We are excited that something as mundane as going to the mall could seem so exciting, and we're even more excited about exploring more around the area!

Friday, November 11, 2011

water for sunsets

We finally got a car AND the insurance to drive it, so we have been trying to leave the base every day, if only for a little bit, so we can get to know our way around Misawa. It's been getting dark at 4:30 in the afternoon, so we don't have a lot of daylight once school is over, but we've have fun exploring!

Today, we had three missions. First, find the hundred yen store (which turned out to be awesome!), the McDonald's (which is WAY better than any McDonald's in the states), and the beach.

I was so proud of myself that I successfully navigated us to the store, to the McDonald's, AND to the beach...until we actually got to the beach. After the tsunami, the Japanese began building breaker walls because of the crazy undertows and the damage to the beaches. We could smell the salt air and the fish at the port, but there was no ocean in sight.

We decided to try and drive up the coast to see if we could find beach access. Twenty-eight km later, we still had no luck. We found a few areas that used to be access points, but are now closed to the public. We decided to be intrepid and continue on, and we finally found a wharf. From there, we could see the ocean! My wish to touch the Pacific Ocean from its Asian boundaries will have to wait, but at least I've seen it now!

On the way back to Misawa, we were lucky enough to be able to watch the sun set. We found a few spots that were so breathtaking, we had to pull over and shoot some photos!!

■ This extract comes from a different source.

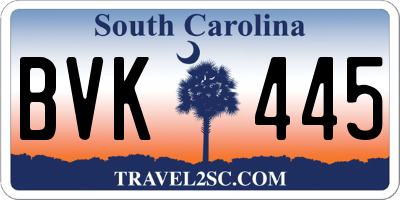 SC license plate BVK445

While we didn't get to walk along the beach, our day of exploration ended up being a great time!

Thursday, November 3, 2011


Well, our rush to jump into local culture continued when we got into our first Japanese car accident today. Now, let me preface this by telling you that nobody was hurt and we were not the ones driving.

We were on the way back to school from lunch and got into a bit of a fender bender. This was nothing unique, but what happened afterward was truly Japanese. See, when a driver in Misawa needs to make a phone call, which isn't allowed while driving, they simply and stop the car and make the call. Note, I didn't say they pull over and make the call. They often just stop in the middle of the street. So it's understandable that the lady whose car was hit stayed put in the street for twenty minutes while waiting for the police rather than pulling to the side.

When the police finally came, they directed the involved cars into a nearby parking lot to get them out of the way...and then proceeded to park the police car right in the street. It was at least entertaining watching all the traffic coming from four directions trying to maneuver around it.

Wednesday, November 2, 2011


So we have realized that while many aspects of life over here are similar to what we were used to in the states, there are differences we never expected.

Take for instance driving. We knew to expect cars to drive on the opposite side of the street, but didn't realize that this would affect us in so many ways. When crossing the street, I never realized how engrained in my mind it was to look to the the left, and then to the right in order to cross. You do that here and you are road kill! Looking right first is the way to ensure safe crossing. Then there are the drive-thru windows. Never did it enter our minds that one would go around a drive-thru clockwise!

When entering a building that has multiple doors, you enter on the left and always walk on the left side of the sidewalk to keep traffic flowing.

Another thing that is different is the signs! The stop signs look like the yield signs you would see back in the states, and then we kept seeing this sign all over the place.

What looks similar to the "illegal immigrant" signs you'd find all over southern California, or maybe a warning that people might be running and to watch out for them, this is simply an exit sign.

We have learned a lot in just a few days on how to live here, and we still have a lot to learn!!